Instructions for the task
Below are entries with pictures among them; reproduce exactly, and only, the lines from the one containing "Thematic Unit- Reading" down to the one containing "Huyết áp cao độ 1 gây đột quỵ?", without the pictures.

··· Supplied material

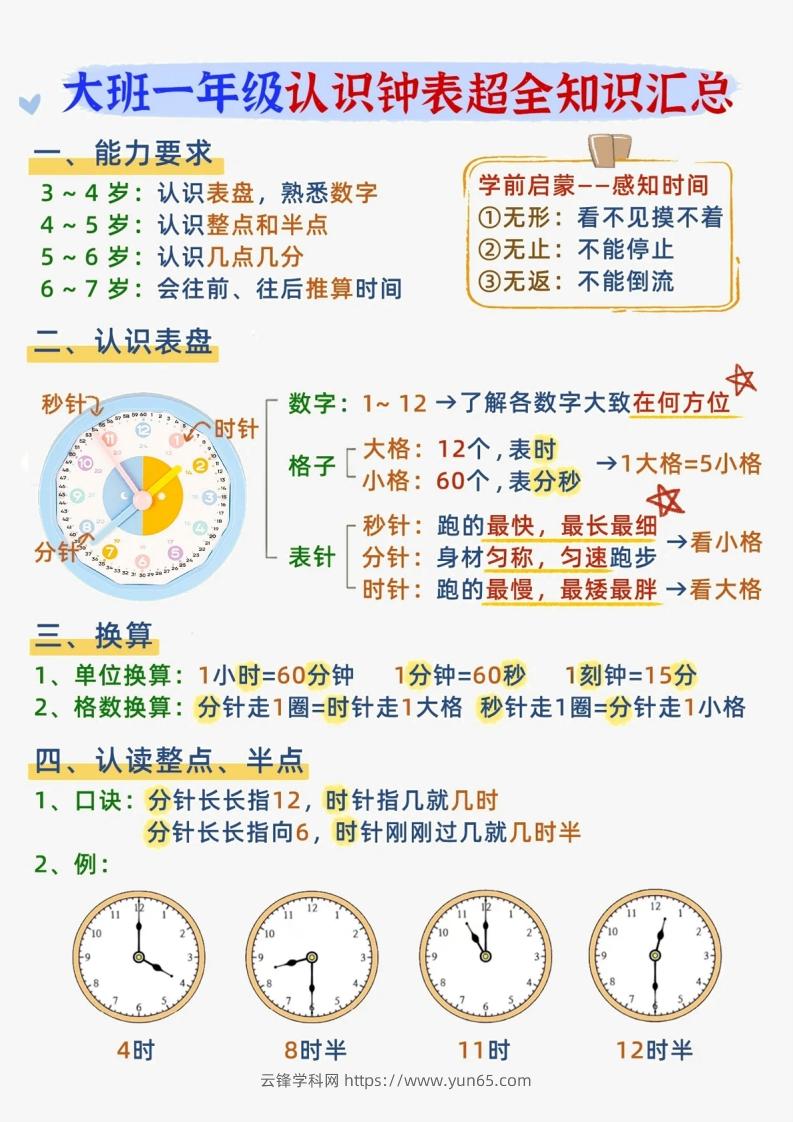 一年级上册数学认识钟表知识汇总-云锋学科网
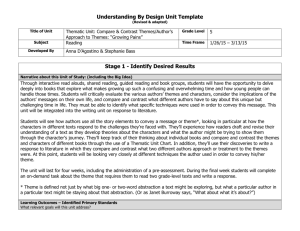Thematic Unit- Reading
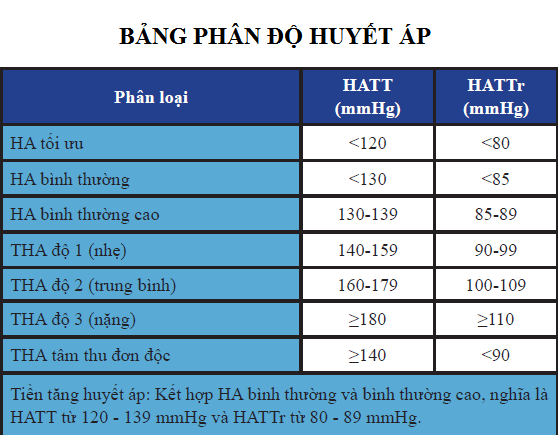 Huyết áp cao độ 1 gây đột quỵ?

······
··· Supplied material

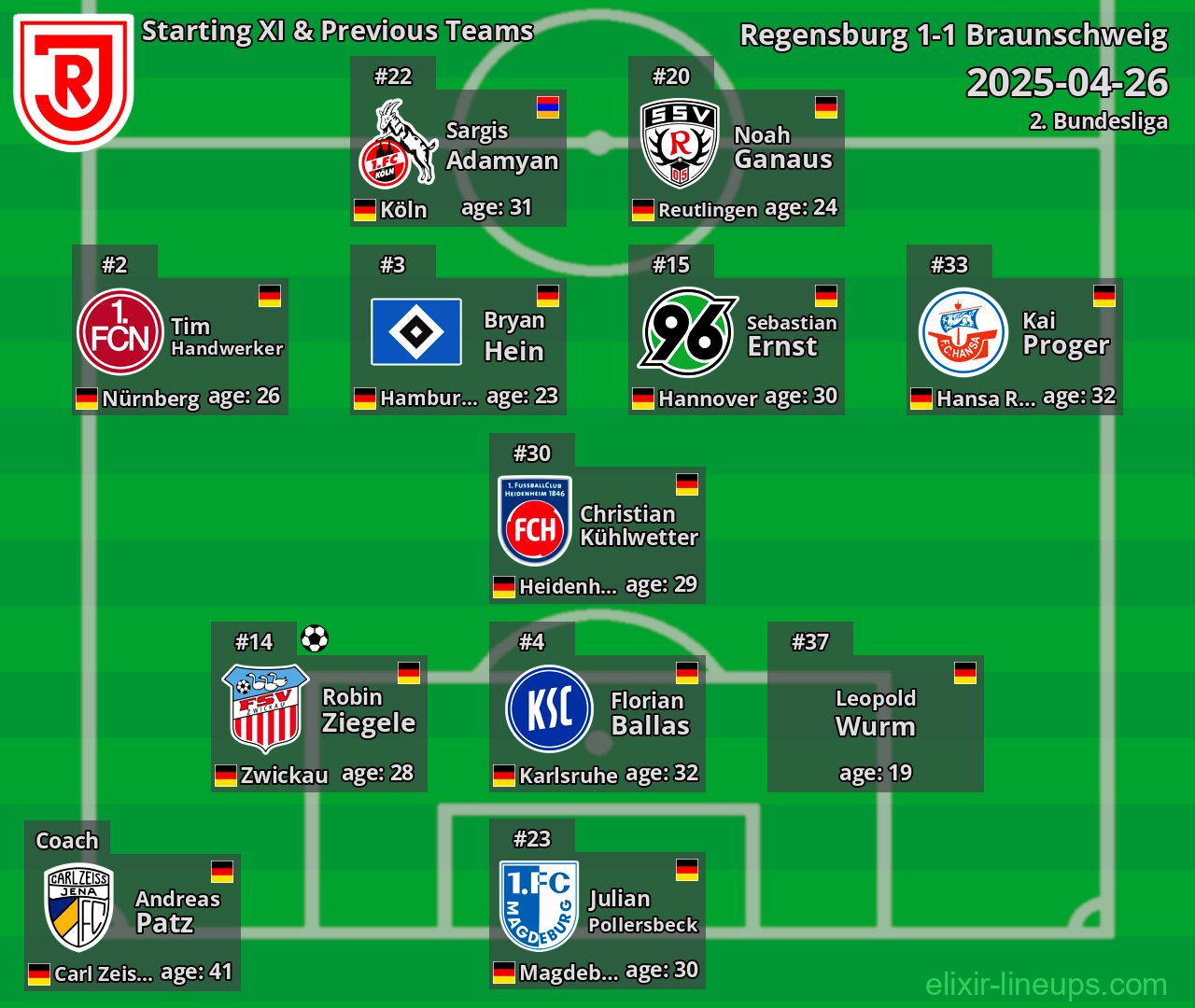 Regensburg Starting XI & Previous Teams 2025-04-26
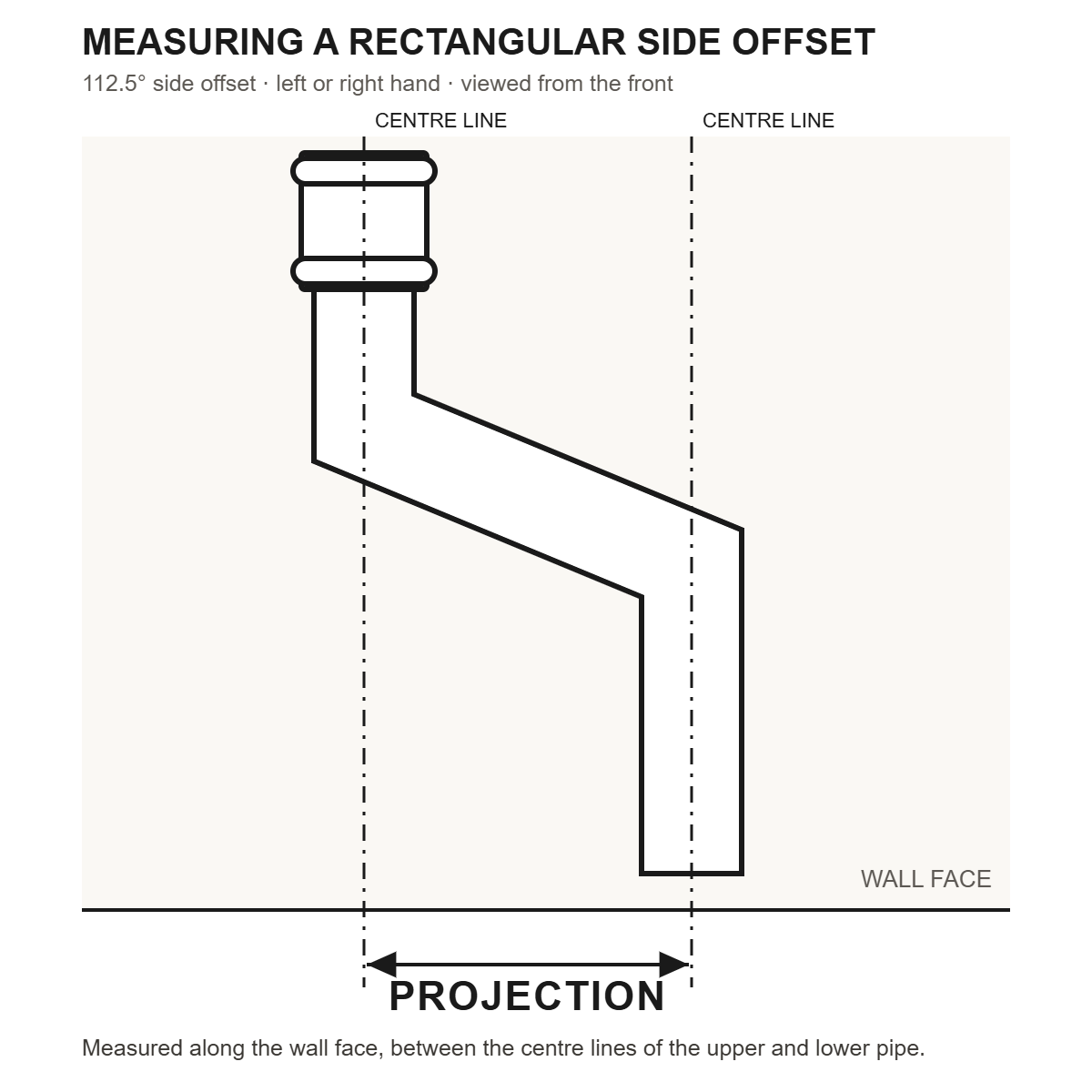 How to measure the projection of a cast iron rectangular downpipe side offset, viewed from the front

······
··· Supplied material

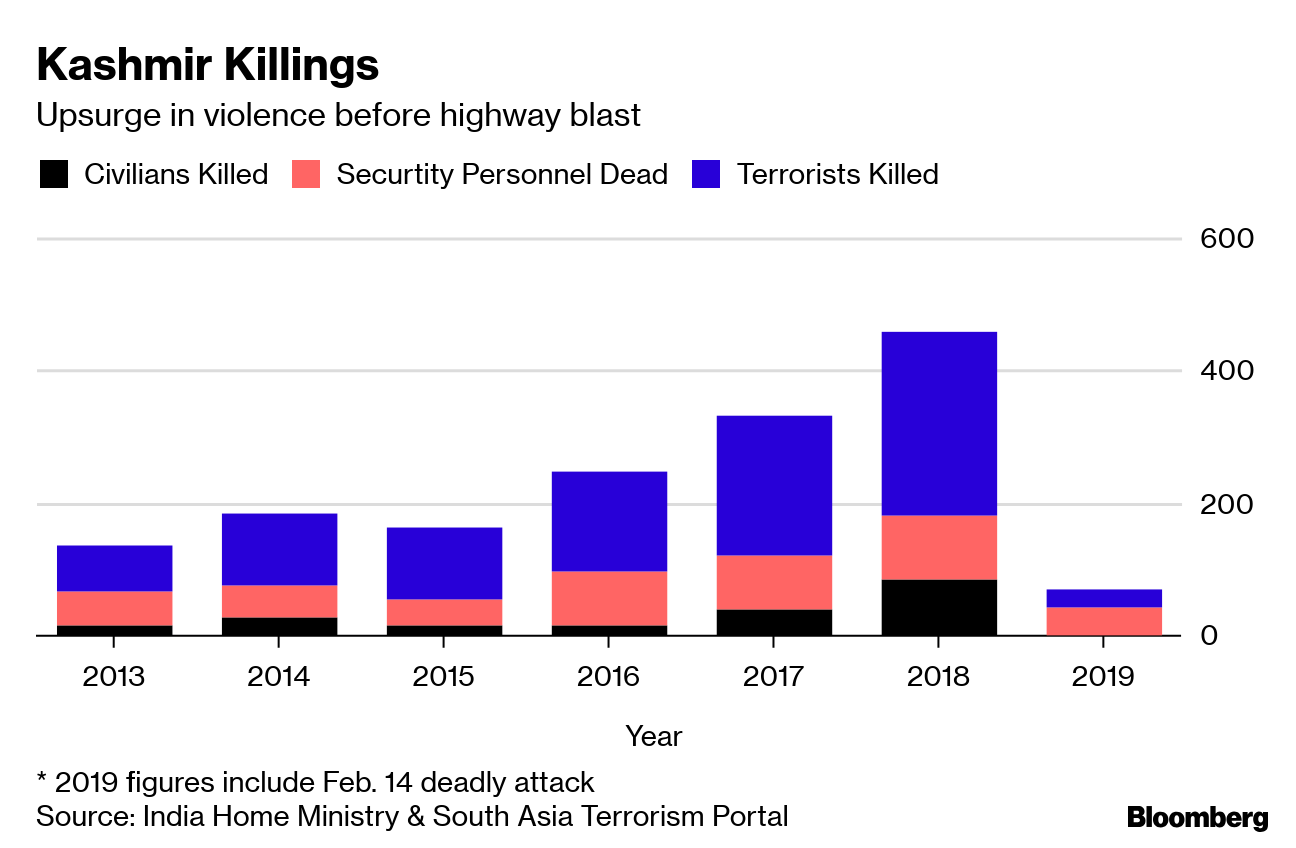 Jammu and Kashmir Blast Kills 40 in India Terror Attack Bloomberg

······

Finished task
Thematic Unit- Reading
 Huyết áp cao độ 1 gây đột quỵ?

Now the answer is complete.